When not in use DNA samples were kept chilled at 4⁰C.
PCRs were prepared in aseptic conditions with all consumables UV sterilised, mastermixes were made on ice. PCRs were typically 25 µl in volume comprising: 10.88 µl of Mili-Q water, 2.5 mM PCR buffer, 3.5 mM Mg, 0.5 µM dNTPs, 0.024 U/µl FastStart Taq DNA Polymerase (Roche, Sussex, UK), 0.5 µM of both forward and reverse primers and 0.5 µl BSA (100X) (New England Biolabs Inc., Hitchin UK).
5 and 10 µl of faecal DNA was used per reaction. Tissue DNA extracts typical contained 10 – 50 ng/µl and faecal extract from 5 – 100 ng/µl.
Degenerate nematode specific primers developed in this study (Nem27 primers) comprised Nem1217F which had the 3’-5’ sequence CGN BCC GRA CAC YGT RAG and Nem1619 which had the 3’-5’ sequence GGA AAY AAT TDC AAT TCC CKR TCC. Nem27 primers amplify a 402 bp fragment of the 18S rRNA gene.10. DNA amplification was carried out using an initial denaturation at 94⁰C for 5 min; 35 cycles of amplification (94⁰C for 30 s; 54⁰C for 30 s; 72⁰C for 1 min); followed by a final extension at 72⁰C for 10 min. Note: Nem27 primers could amplify nematode DNA from a faecal background at annealing temperatures as high as 62⁰C to 64⁰C, reducing the likelihood of non-specific amplification.

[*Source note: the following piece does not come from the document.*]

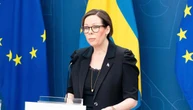 Європа має бути не посередником, а на боці України - глава МЗС Швеції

PCR products were run and visualised on 1% agarose gels comprising molecular grade agarose (Bioline, London, UK), TBE buffer and 0.5 – 2 µl GelGreenTM Nucleic Acid Gel Stain (Biotium, Cambridge, UK). To load gel, 3 µl of PCR product was added to 2 µl of blue loading buffer (Bioline) and pipetted into the wells alongside 1 µl Hyperladder 1kb (Bioline) size standard. Product sizes were separated using electrophoresis in a RunOneTM Electrophoresis Cell (Cheshire, UK) at 45 v for between 30 – 80 min, depending on the size of the gel.
Gels were mounted on a PrepOneTM Sapphire illuminator (EmbiTec) covered by a PI-1002 PrepOneTM filter (EmbiTec) and camera hood and photographed.
PCR product amplicons were cleaned using a MiniElute® PCR Purification Kit (Qiagen), with slight modifications to the manufacturer’s protocol. Cleaned DNA was eluted in 10 µl of autoclaved Milli-Q water for 20 minutes.
10 – 40 ng/µl of cleaned PCR product was added to 4 pmoles of a single relevant primer and the final volume adjusted to 10 µl using Milli-Q water. Samples were Sanger sequenced at the University of Manchester DNA Sequencing Facility using Big Dye 3.1 chemistry on an ABI 3100 Genetic Analyzer (Fisher Scientific).
Sequence traces were examined and regions of poor quality or low-confidence sequence were removed in BioEdit. The complimentary sequence of that produced by the reverse primer was aligned next to the sequence produced by the forward primer, using the ClustalW function. This allowed for the extraction of the entire DNA sequence amplified by the primers.
To identify the species from which the sequences were from they were run through the GenBank nucleotide BLAST tool.